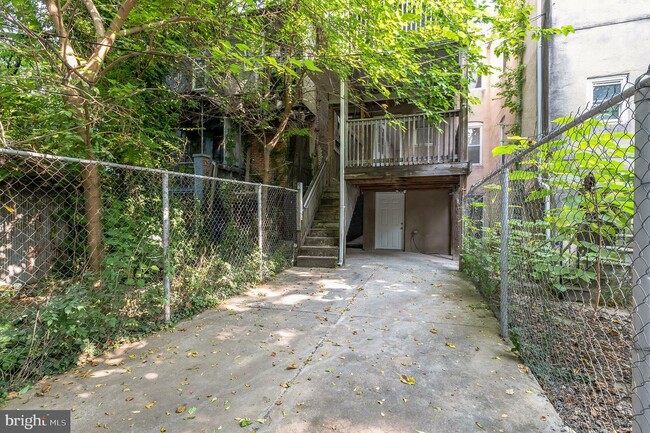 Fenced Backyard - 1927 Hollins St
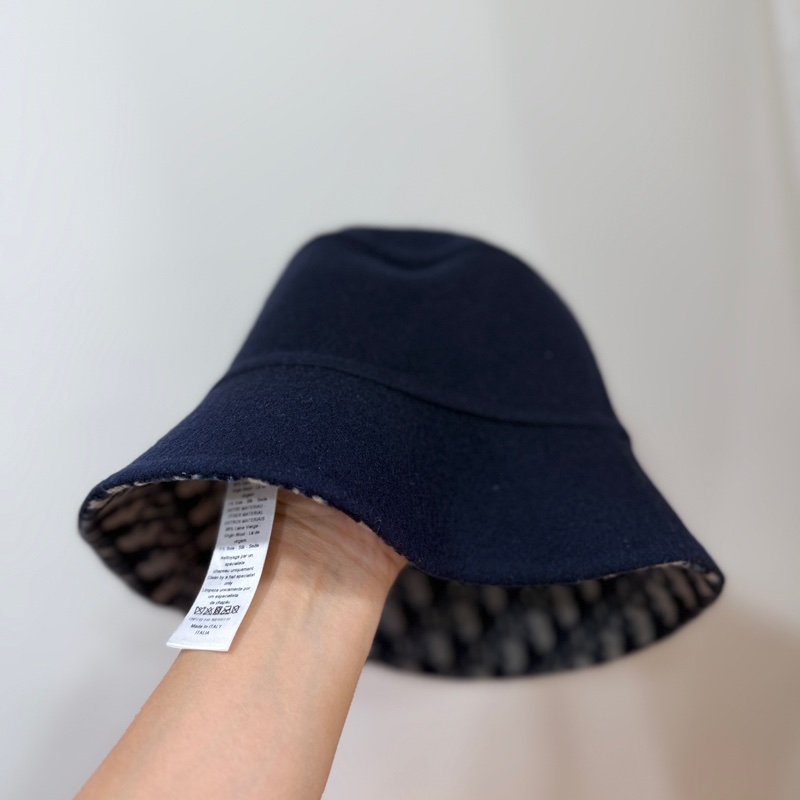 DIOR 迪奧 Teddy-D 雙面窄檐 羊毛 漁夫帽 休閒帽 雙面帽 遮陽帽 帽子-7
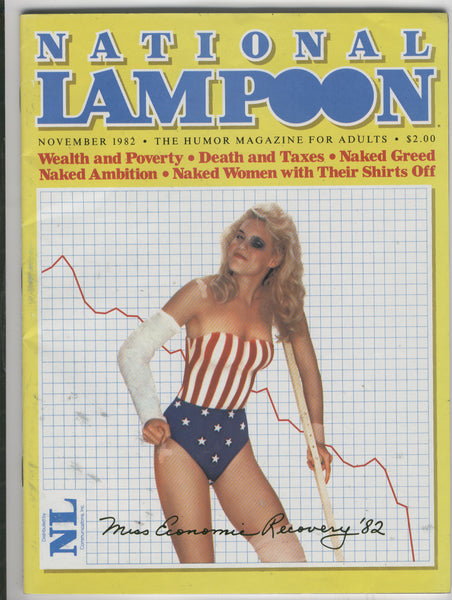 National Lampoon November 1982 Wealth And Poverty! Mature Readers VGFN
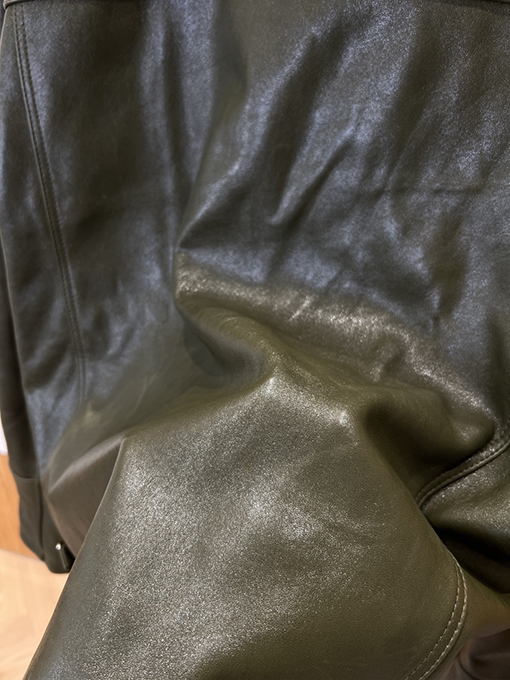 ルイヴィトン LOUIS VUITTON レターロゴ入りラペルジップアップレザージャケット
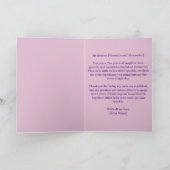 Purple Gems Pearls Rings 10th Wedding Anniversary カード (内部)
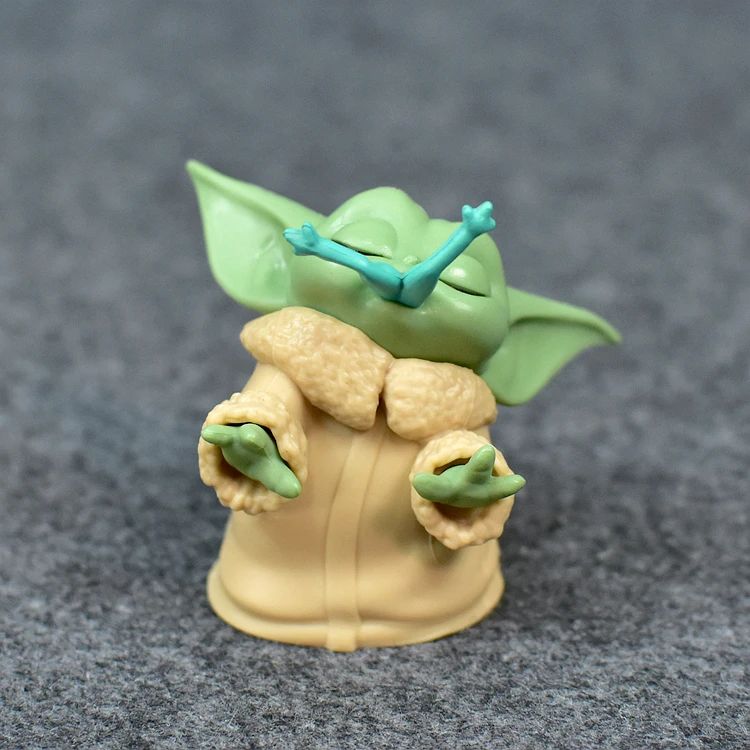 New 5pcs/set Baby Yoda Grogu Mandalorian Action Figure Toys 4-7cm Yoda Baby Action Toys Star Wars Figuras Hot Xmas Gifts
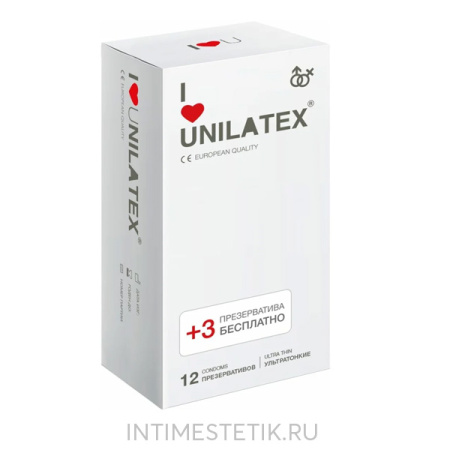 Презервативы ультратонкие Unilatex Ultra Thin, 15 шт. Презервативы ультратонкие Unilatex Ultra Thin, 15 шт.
*****
> TASK PROMPT: Which lines fall between the one containing "DIOR 迪奧 Teddy-D 雙面窄檐 羊毛 漁夫帽 休閒帽 雙面帽 遮陽帽 帽子-7" and the last line of the listing, both included? Give them again exactly, without the pictures.

> ANSWER SECTION:
 DIOR 迪奧 Teddy-D 雙面窄檐 羊毛 漁夫帽 休閒帽 雙面帽 遮陽帽 帽子-7
 National Lampoon November 1982 Wealth And Poverty! Mature Readers VGFN
 ルイヴィトン LOUIS VUITTON レターロゴ入りラペルジップアップレザージャケット
 Purple Gems Pearls Rings 10th Wedding Anniversary カード (内部)
 New 5pcs/set Baby Yoda Grogu Mandalorian Action Figure Toys 4-7cm Yoda Baby Action Toys Star Wars Figuras Hot Xmas Gifts
 Презервативы ультратонкие Unilatex Ultra Thin, 15 шт. Презервативы ультратонкие Unilatex Ultra Thin, 15 шт.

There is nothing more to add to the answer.